**Source material**

--*--

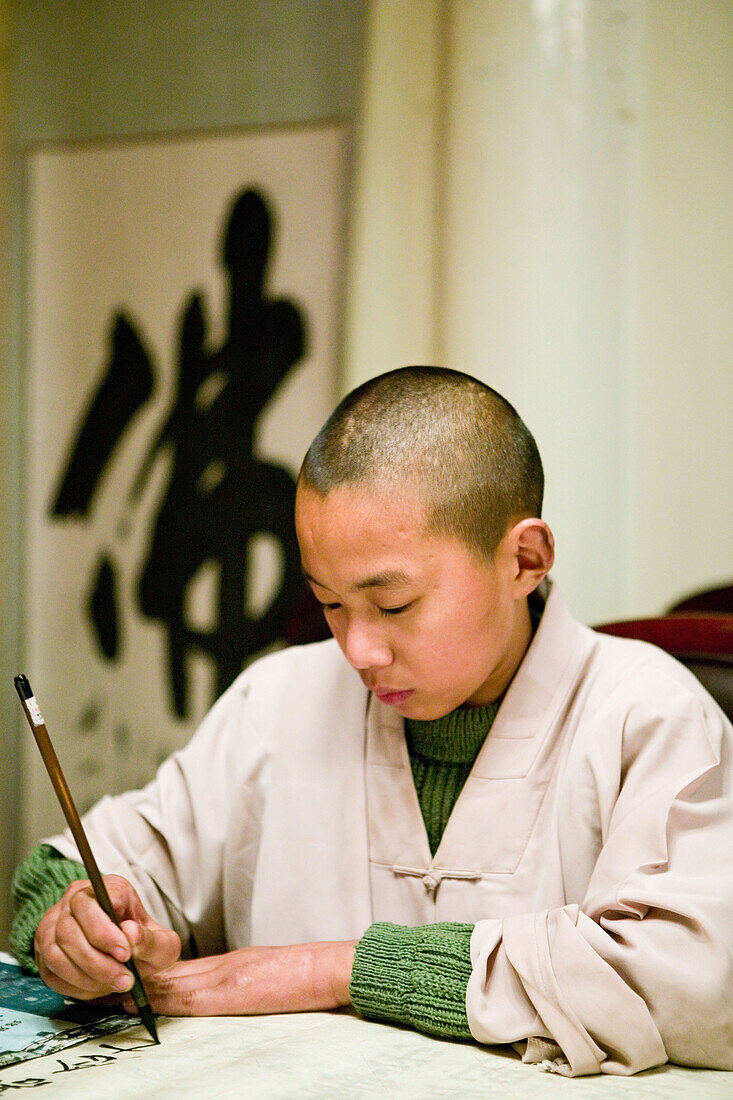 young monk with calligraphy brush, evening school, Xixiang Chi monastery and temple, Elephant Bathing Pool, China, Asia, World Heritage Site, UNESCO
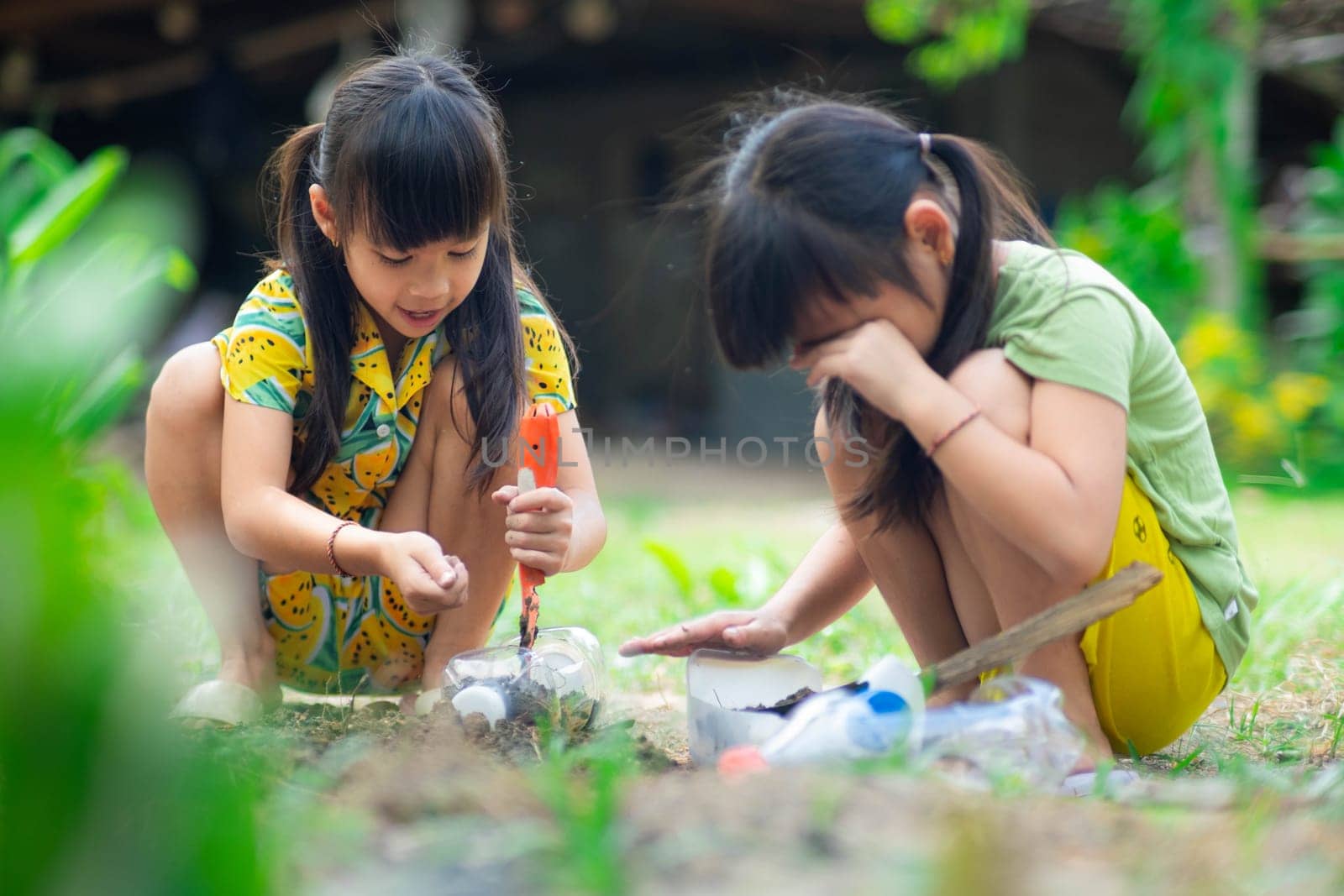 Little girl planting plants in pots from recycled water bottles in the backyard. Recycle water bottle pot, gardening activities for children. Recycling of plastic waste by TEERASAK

--*--

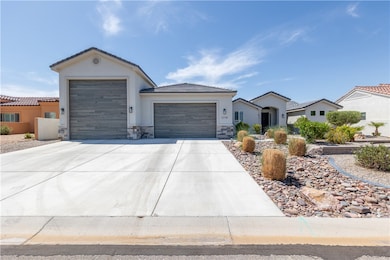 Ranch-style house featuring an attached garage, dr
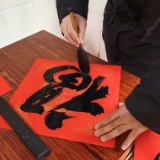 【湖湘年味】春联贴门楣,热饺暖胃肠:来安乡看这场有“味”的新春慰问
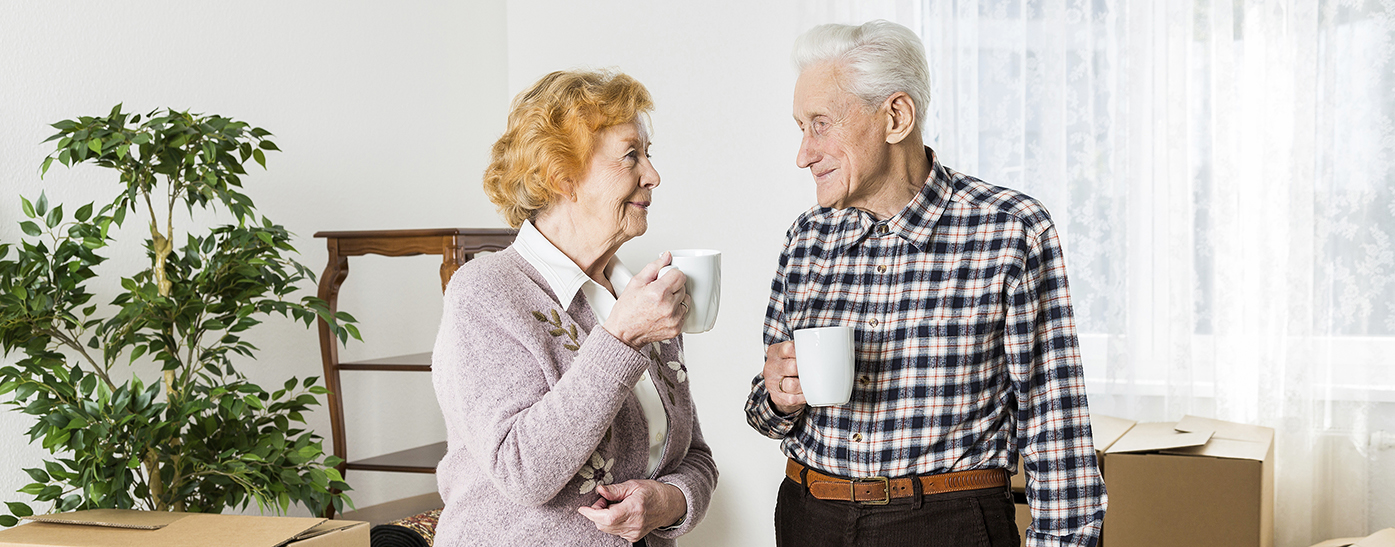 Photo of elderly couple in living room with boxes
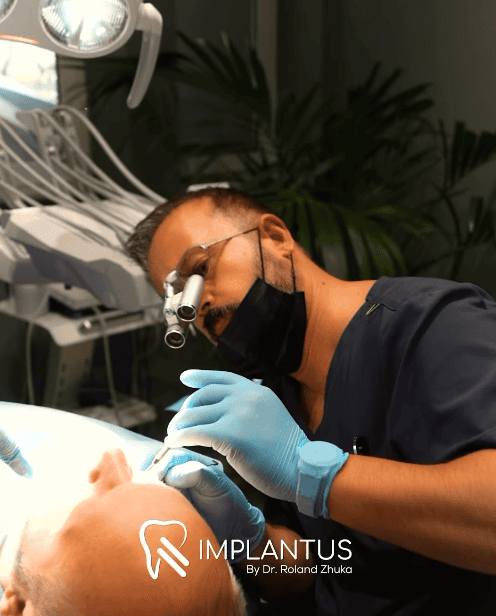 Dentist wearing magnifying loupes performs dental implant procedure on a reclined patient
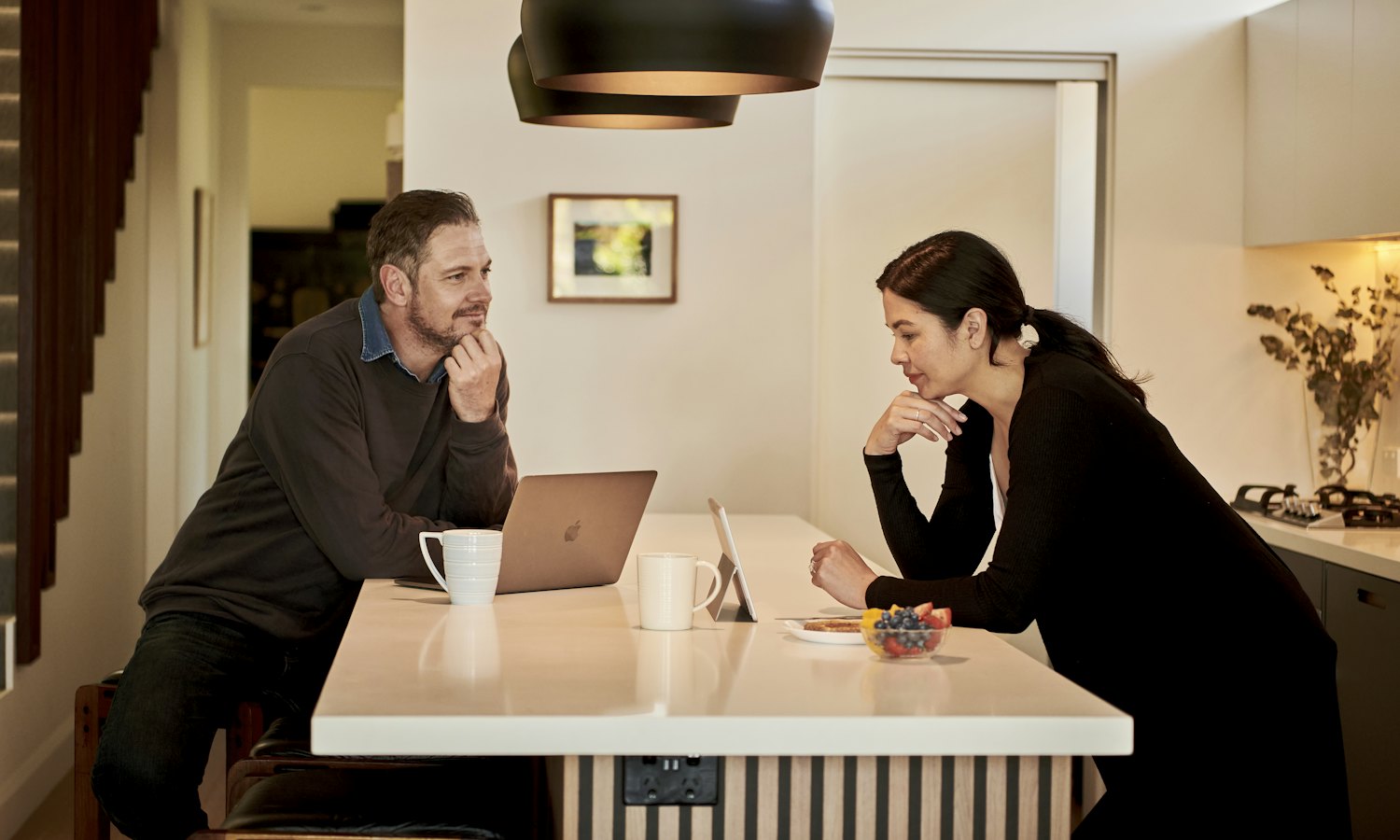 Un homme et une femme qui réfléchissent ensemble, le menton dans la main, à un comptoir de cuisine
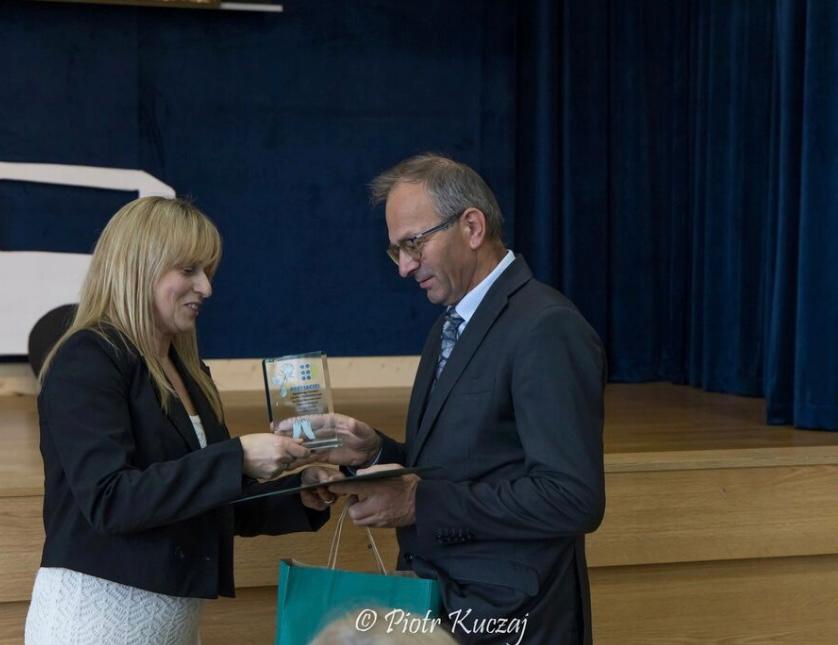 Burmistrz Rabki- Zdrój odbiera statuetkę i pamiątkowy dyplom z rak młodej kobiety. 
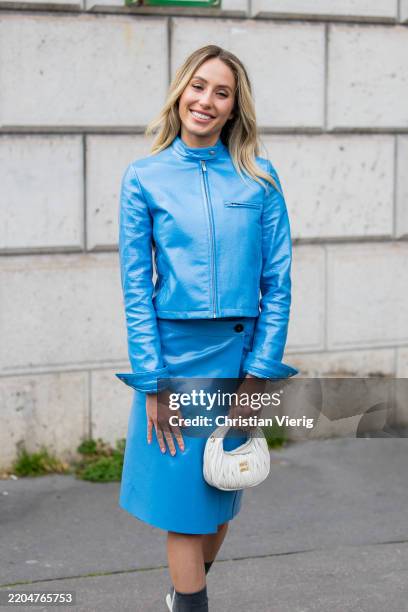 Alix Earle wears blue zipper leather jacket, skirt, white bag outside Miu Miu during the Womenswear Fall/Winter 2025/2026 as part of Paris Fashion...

--*--

**Work instruction**
With the pictures omitted, copy the entries above exactly from the line containing "Photo of elderly" through the line containing "Un homme et", both lines included.

**Solution to this exercise**
 Photo of elderly couple in living room with boxes
 Dentist wearing magnifying loupes performs dental implant procedure on a reclined patient
 Un homme et une femme qui réfléchissent ensemble, le menton dans la main, à un comptoir de cuisine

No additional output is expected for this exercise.